Ela também poderá baratear o preço de alimentos industrializados e outros bens de consumo, e facilitará o escoamento da produção agrícola no período do verão, quando o nível do rio Juruá limita o tráfego de barcos.

Por outro, já está provado que a abertura de estradas na Amazônia é vetor do desmatamento e explorações florestais e minerais ilegais. O suposto “progresso” representado por estradas como a rodovia BR-364 entre Cruzeiro do Sul e Rio Branco tem um preço.

Não foi coincidência que depois da pavimentação da mesma observou-se um aumento considerável na violência urbana, pobreza e problemas relacionados com o uso e tráfico de drogas nas cidades localizadas ao longo da mesma.

 

A expansão urbana desordenada ocorrida resultou em dificuldades financeiras para as cidades “beneficiadas” em razão do aumento explosivo na demanda de serviços públicos (escolas, hospitais, urbanização, eletricidade, água tratada e esgoto), além da pressão pela geração de empregos que, em geral, não se concretizaram.

Tarauacá e Sena Madureira são os melhores exemplos dessa situação: infraestruturas urbanas precárias, pobreza predominante, violência em níveis elevadíssimos e tráfico e uso de drogas em níveis nunca vistos.

É interessante que quando políticos e empresários “vendem” a ilusão do progresso que as estradas podem trazer para cidades isoladas, o mantra é um só: acabar com o “isolamento”.

Na prática, o “suposto” progresso e o fim do isolamento resultam invariavelmente em ganhos para as elites empresariais locais (comerciantes, fazendeiros e madeireiros).

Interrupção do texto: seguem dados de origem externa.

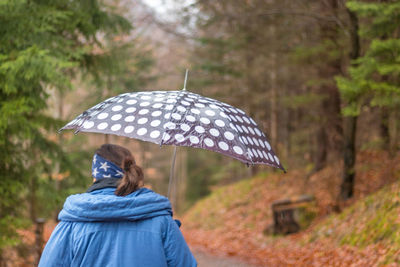 Rear view of woman with umbrella standing on rainy day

A maioria da população, especialmente a não qualificada, continuará a enfrentar duras condições de vida, sobrevivendo de subempregos, sem moradias dignas e precários serviços urbanos e de saúde.

Por isso, mesmo sabendo que as populações das cidades isoladas do interior do Acre são em esmagadora maioria a favor das estradas – porque ficam iludidas por um progresso que nunca virá – vale a pena alertar para os malefícios que a abertura “no peito e na raça” das mesmas poderá trazer.

Não é aceitável que essas “estradas para o progresso” deixem como legado para as futuras gerações o que temos visto hoje na maioria das cidades “integradas” por rodovias no interior do Acre: pobreza, desagregação familiar, violência e destruição ambiental.